No doubt, a beard is an external display of male gender, a "look at this testosterone" activity. But masculinity, in the culturally constructed sense, is chock-full of good business practices. "Men" are competitive, calculating, aggressive. Especially in a society that ostensibly subscribes to capitalism, promotes bold leaders, and markets "thinking outside the box," innovation, risk-taking, etc.
So corporate America -- even plain old professional America -- wants its workers to have some "masculine" qualities, but it doesn't want them spelled out on its employees face. Why not? My theory is that it has something to do with the idea of a "civilized" man. A man with an untamed beard is powerful, but shaving that beard is a symbol of control. Freud argued that shaving was a symbolic act of self-castration. I wouldn't go that far (sometimes a cigar is only a cigar, etc.), but I do think that employers, the business world, the Man, if you will, has an interest in constraining raw displays of "masculinity."

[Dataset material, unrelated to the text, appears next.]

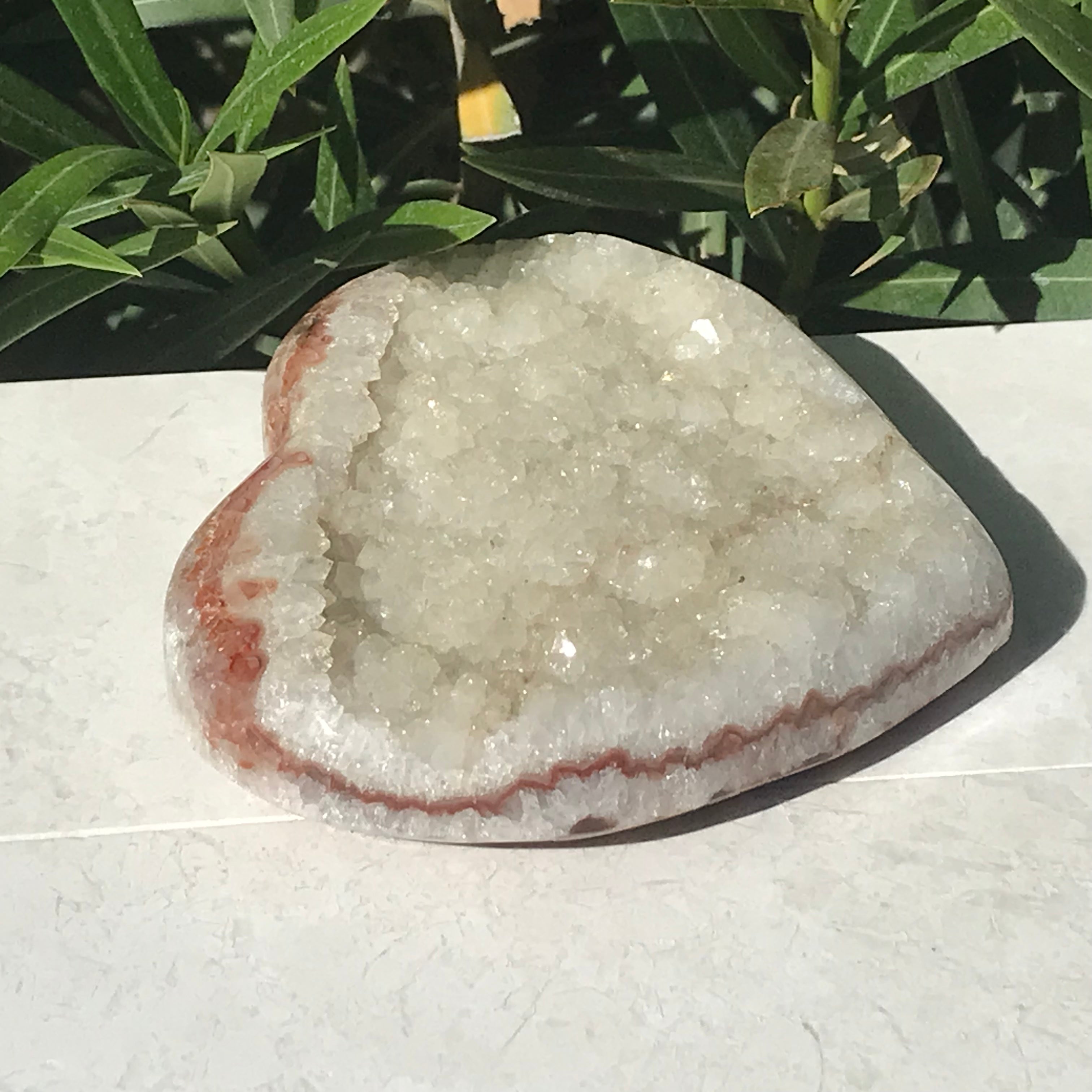 Quartz Crystal Covered Agate Heart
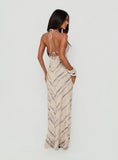 Esmira Halter Maxi Dress Cream Stripe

I had never considered this gender repression in terms of schools, but some commenters did. "Firsttimeposter" wrote: "It's nice to see boys being allowed to be boys in school. My son's elementary school is like a sorority. Run by women for girls. Any boyish behavior is considered a diagnosable disorder."
I take issue with his [assuming it's a male] definition of a sorority (please, explain the women/girl distinction), but I follow the sentiment. Gender-display away.
But, assuming Firsttimeposter is correct, isn't it a limited victory? Is the freedom to display gender as important as the freedom to perform gender, to "be a boy", without being considered "disordered"?
PJ1 chipped in with a superior comment, by which I mean, one that takes most of these rhetorical questions into account. "The reason that they [Needham High Schoolers] did it [participated in Manuary] may differ slightly from my opinion, but this is a nice reaction to the current feminized school systems that boys are put through. They can demoralize you, but they can't take your beard away...sweet."